L’Avis N° 2018-02/C-CM du 12 octobre 2018 de la Cour constitutionnelle a prorogé de six mois le mandat de la cinquième législature. Cela avait fait l’objet de controverse dans la mesure où l’institution saisie peu avant par le Premier ministre Soumeylou Boubèye Maïga s’était opposée à accorder un bonus aux élus de la nation au-delà du 31 décembre 2018, fin du mandat constitutionnel. La Présidente de l’institution avait accompagné ce premier Avis d’un commentaire sur les motivations de la Cour à ne pas répondre favorablement à la demande du Chef du gouvernement. Puis, saisie par l’Assemblée Nationale, elle a donné son feu vert pour une prorogation de six mois. Une loi organique a été adoptée dans ce sens.

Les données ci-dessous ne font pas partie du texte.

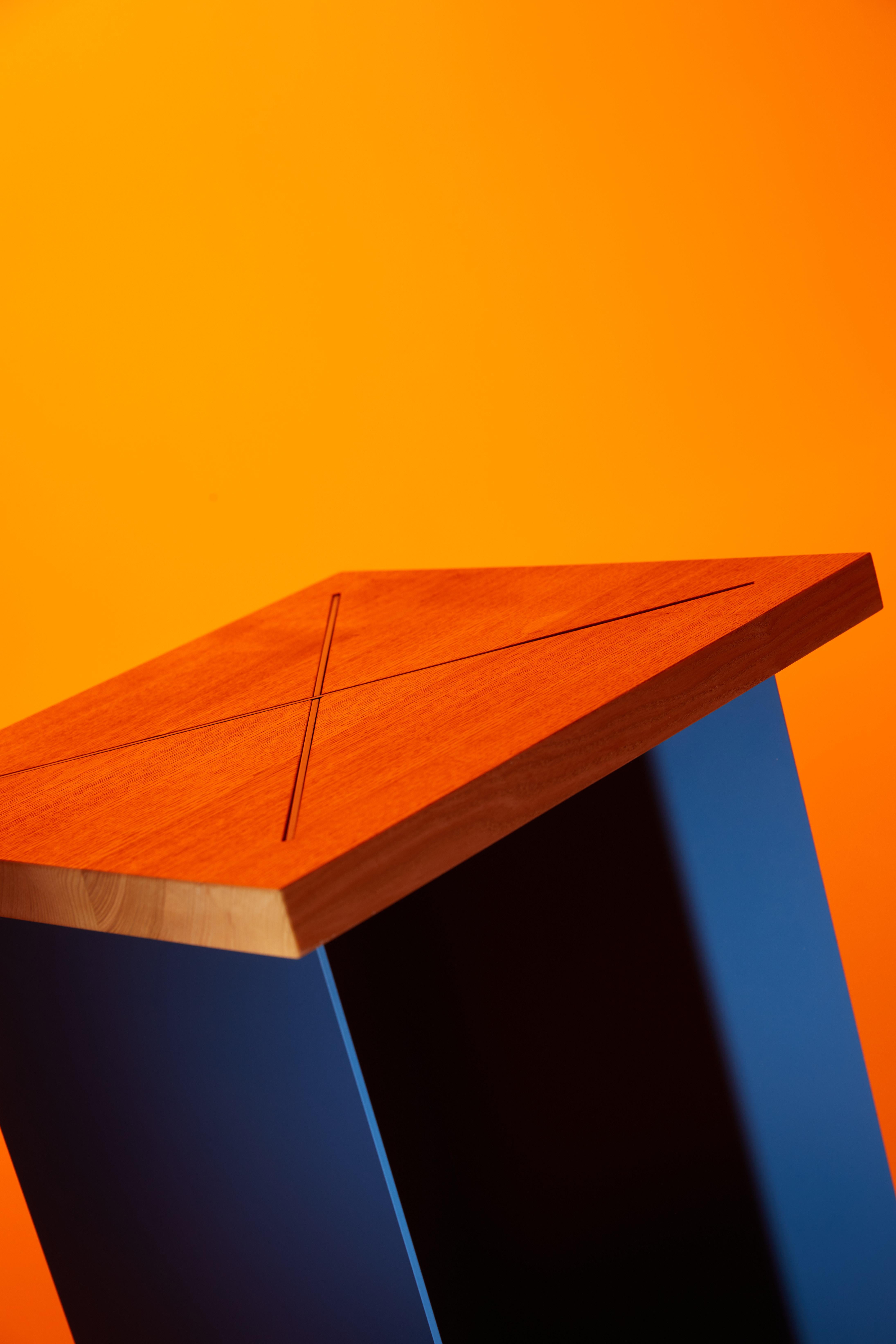 Tabouret Ohus en bois de frêne et acier orange saumoné par Objects for Objects en vente 4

Dans un communiqué rendu public la semaine dernière, la Mission d’Observation du Pôle d’observation citoyenne du Mali (MO-Pocim) constate l’impossibilité de tenir les élections législatives avant le 30 juin 2019. Presque au même moment, le Président d’honneur de l’ADP Maliba exprime son opposition à une éventuelle nouvelle prorogation du mandat de l’Assemblée nationale. Il a fait cette déclaration au sortir de son audience avec le ministre de l’Administration territoriale et de la Décentralisation. Idem pour la Coalition des Forces patriotiques (CoFop) hostile à toute idée de proroger de nouveau le mandat des députés et qui propose comme alternative une assemblée constituante. La Plateforme Ensemble pour le Mali (EPM) et le Front pour la Sauvegarde de la Démocratie (FSD) ne sont pas publiquement prononcés sur la question.
Que décidera le gouvernement ? Optera- t-il pour la prorogation? Pour quelle durée ? 12…18 mois ? Ou alors, optera-t-il pour la formule de l’Assemblée constituante ? Comment réagira la Cour Constitutionnelle ?
Le pays est certes dans une situation difficile, mais n’a jusque-là pas connu de rupture brutale de la légalité. La mise en place d’une assemblée constituante dans ces conditions poserait véritablement problème dans la mesure où le fonctionnement des institutions de la République est jusque-là régi par la Constitution du 25 février 1992. La légitimité du Président de la République, dont la réélection fut vigoureusement contestée, ne se pose plus depuis la signature de l’Accord de gouvernance et la reconnaissance tacite de l’honorable Soumaïla Cissé.
La mise en place d’une assemblée constituante est un piège pour le Président IBK et son gouvernement et ouvrira de facto la voie à une transition, laquelle déboucherait sur la naissance de la IV République.
La prorogation de la cinquième législature apparaît à l’état actuel des choses comme un moindre mal. Cette Assemblée nationale illégitime tant décriée a pourtant récemment contraint le Premier ministre Soumeylou Boubèye Maïga et son gouvernement à la démission. Certains farouches opposants à la prorogation ont pourtant applaudi cette initiative des « députés illégitimes ». Dans ce pays, les responsables ne sont pas souvent conséquents dans leur démarche. Les mandats des conseillers régionaux et de cercles sont expirés depuis 2014. Et pourtant ils continuent de siéger. Le plus drôle, c’est que des candidats à l’élection du Président de la République de 2018 ont vu leurs dossiers repêchés suite à la prise en compte de la signature de certains de ces élus n’ayant plus la qualité de conseillers communaux au regard de la loi.
Avant toute prorogation, le gouvernement devra convaincre les forces politiques et les organisations de la société civile d’une telle nécessité dans le cadre d’une démarche participative. Les échanges informels entamés par le ministre de l’Administration territoriale et de la Décentralisation doivent permettre de corriger les erreurs commises dans un passé récent.